Publication Date : November 29, 2007
 
Every week, the San Antonio City Council considers requests for zoning changes and variances, often from developers. And every week, neighbors and others often show up to oppose such changes, arguing that rules should be respected.
But today, the council will consider a truly unusual request. And Elyzabeth Earnley of Aquifer Guardians in Urban Areas will be there to oppose a zoning change for 20 acres of wooded land at the corner of U.S. 281 and Marshall Road.

"Both the San Antonio Water System and the U.S. Geological Survey say this location is extremely permeable; one of the most porous parts of the Edwards Aquifer," she says.

But what makes this zoning case so unusual is who is asking for it and for what reason.

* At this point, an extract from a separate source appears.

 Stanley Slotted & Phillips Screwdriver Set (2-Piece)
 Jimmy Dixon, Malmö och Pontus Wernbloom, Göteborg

"It's the city of San Antonio that is asking for the change," Earnley explains, so that the VIA Metropolitan Transit can build its sixth -- and largest -- transit park-and-ride facility over one of the most vulnerable areas of the recharge zone.

Unlike other aquifers, the Edwards does not filter the water that recharges it. Until now, we haven't needed plants to treat our water because nature delivers heavy rainfalls that recharge one of the world's largest karst aquifers, giving us bottled-quality water out of faucets.

As the recharge zone has been developed, some aquifer protections have been established. Current zoning for these 20 acres, for example, limits impervious cover to 15 percent. But if this change is granted, that will rise to 65 percent, which experts say is dangerous.

"It is well established that once impervious cover exceeds 15 percent, contaminant concentrations in surface water increase rapidly," says hydrologist George Rice. "And on the recharge zone, that surface water recharges the aquifer."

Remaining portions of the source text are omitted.